Tehlikeli madde içeren, çok sayıda insanın sağlığını tehdit eden, doğal çevrenin kalıcı olarak veya uzun dönemli kirlenmesine neden olan ve yüksek derecede maddi hasar veren, geniş çaplı acil durum müdahalesi gerektiren yangın, patlama, toksik yayılım olayları “Büyük Endüstriyel Kaza’’ olarak adlandırılmaktadır.”
1976 yılında İtalya’nın Seveso kasabasında gerçekleşen bir kaza sonrasında ölümlü çevre felaketi yaşanmış endüstriyel kazaların oluşmasının engellenmesi ve gerekli önlemlerin alınması için eski adıyla Avrupa Topluluğu Konseyi bir dizi çalışma başlatmış ve 1982 yılında Seveso Yönergesi yayımlanmıştır.
Bu yönerge daha sonra Bhopal ve Basel gibi kazalar sonrasında, direktifin etkinliğinin artırılması ve kapsamının genişletilmesi amacıyla 1996 yılında 96/82/ ECS SEVESO II Direktifi olarak yayımlanmış, 2003 yılında bir kez daha gözden geçirilerek 2003/105/EC Direktifi olarak revize edilmiştir.
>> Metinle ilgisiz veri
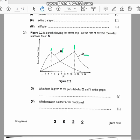Let's go to B2: which reaction is under acidic condition? We have two reactions, N and O. Reaction N is under acidic condition, because if you look at the pH scale, the lower pH values represent acidic conditions, and reaction N peaks in that acidic range. So reaction N is under acidic condition.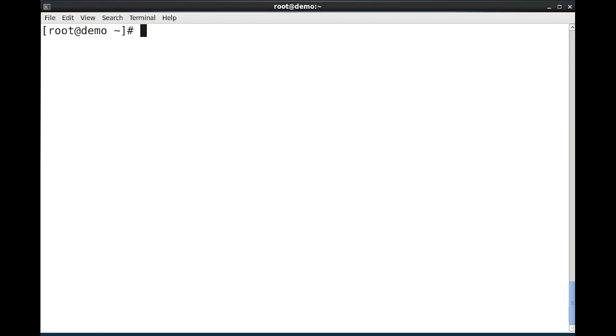In this section, we will look at identifying automatically started system processes. The systemctl command can be used to give a summary of running services on your system.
Bu Yönerge ile insanlar ve çevre üzerindeki olası kazaların tehlikelerini en aza indirgenmesi ve tehlikeli maddeleri içeren kuruluşlardaki büyük endüstriyel kazaları önlemek için en yüksek seviyede etkin ve sürekli korumayı başarmak üzere alınması gereken tedbirlerin bilgilendirilmesi amaçlanmıştır. Son olarak 2012 yılında yayımlanan 2012/18/EU SEVESO III Direktifi ise 2015 yılı itibarıyla AB bünyesinde uygulanmaya başlanmıştır.
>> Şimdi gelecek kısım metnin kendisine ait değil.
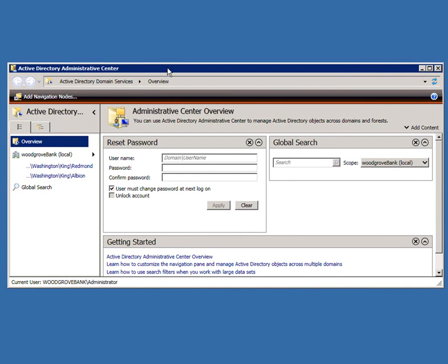And it gives us a nice simple view of the world that a lay user, perhaps somebody not even in the IT department working in one of your branches, might be able to use without too much trouble and take some of the administrative burden from you guys.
Yönerge’de yeni bir yaklaşım getirilmekte ve kimyasal tesislerden kaynaklanan riskleri halkın bilme hakkı olduğu ileri sürülmektedir ve temel ilkeler ise şunlardır;
- Büyük tehlikeli kuruluşlarda rutin iş güvenliği önlemlerinden ayrı olarak ayrı bir tehlike kontrol sistemi oluşturulması gereği,
- Yetkili makamlarında tesisin varlığını göz önüne alarak bir tehlike kontrol sistemi oluşturması,
- Kuruluş yönetimi bu tür bir kaza oluşumunu önlemek için entegre bir iş güvenliği yönetim planı geliştirmesi ve uygulaması gereğini,
- İşletme yönetimi oluşabilecek kaza sonuçlarını hafifletecek planlar geliştirmesi ve uygulanması gereği,
- İşletme yönetimi, işçiler ve temsilcileri ve yetkili makamlar arasında bilgi alışverişine dayalı tam bir iş birliği ve dayanışma gereği,
- Bu kapsamda değerlendirilecek iş yerleri için özel denetim metotlarını benimsenmesi gereği,
- Her şeyden önce bu hususta uygun ve işlerliği olan bir mevzuat hazırlanmalı, ilgili tarafların uygulamaya yeterlilik bakımından iyice eğitilmesi gereği ortaya çıkmaktadır.
Bu yönerge ile kimyasal tesislerin sorumlularına aşağıda belirtilen hususlarda halka bilgi vermeleri zorunluluğu getirilmiştir:
- Kuruluşlar endüstriyel faaliyetleri ile ilgili basit açıklamalar yapmalı,
- Kullanılan tehlikeli maddeler ve etkileri açıklanmalı,
- Olası büyük kazanın halka verebileceği zarar belirtilmeli,
- Bir kaza anında halkın haberdar edilme şekli ve halkın nasıl hareket edeceği hususunda bilgi verilmelidir.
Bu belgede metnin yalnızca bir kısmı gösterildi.